Moussaoui’s evidence, if he really has any, would probably be more important in the Sept. 11 terror-finance litigation. His letter to the Arab Bank court does not specify why he is offering to testify, though he requests that Jerry Goldman of Anderson Kill be appointed as his lawyer. Goldman told me he doesn’t know why Moussaoui asked for his appointment. Even if Goldman wanted the assignment, he said, he is conflicted because he is one of the lead lawyers for victims in the Sept. 11 case. Goldman declined to say whether victims’ lawyers have tried to contact Moussaoui, although he did say that the U.S. Bureau of Prisons “makes it very difficult.” Lawyers from another of the lead plaintiffs’ firms in the Sept. 11 case, Motley Rice, didn’t respond to my email request for comment. Motley Rice is also a lead firm in the Arab Bank case.

Moussaoui is confined under “special administrative measures” (SAM) because the government deems him a national security risk. That designation means that the warden of the prison in Florence can restrict his visitation, phone and mail privileges. A spokesman for the Bureau of Prisons told me that even SAM inmates are permitted to write to federal courts but declined to comment on visitation requests.¬†Moussaoui’s most recent lawyer, Joyce Ellen Rosendahl, also declined to comment.
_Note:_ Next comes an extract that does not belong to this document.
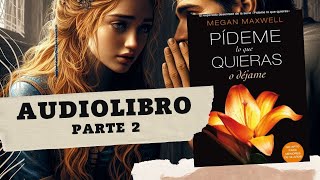 Pídeme lo que quieras o déjame de Megan Maxwell Parte 2 AUDIOLIBRO [upl. by Fishman464]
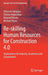 Re-Skilling Human Resources for Construction 4.0: Implications for Industry, Academia and Government by Omoseni Adepoju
I reached out to one of the lawyers who represented Moussaoui at his criminal trial, federal public defender Gerald Zerkin in Richmond, Virginia, to ask whether Moussaoui really knows anything about al Qaeda’s financing. Citing attorney-client privilege, Zerkin told me he couldn’t say. He also pointed out that the conditions of Moussaoui’s imprisonment will make it exceedingly tough for any private lawyers to talk to him. “I wouldn’t hold my breath,” Zerkin said. “But it’s possible.”

(This piece has been updated to clarify that Rosendahl no longer represents Moussaoui.)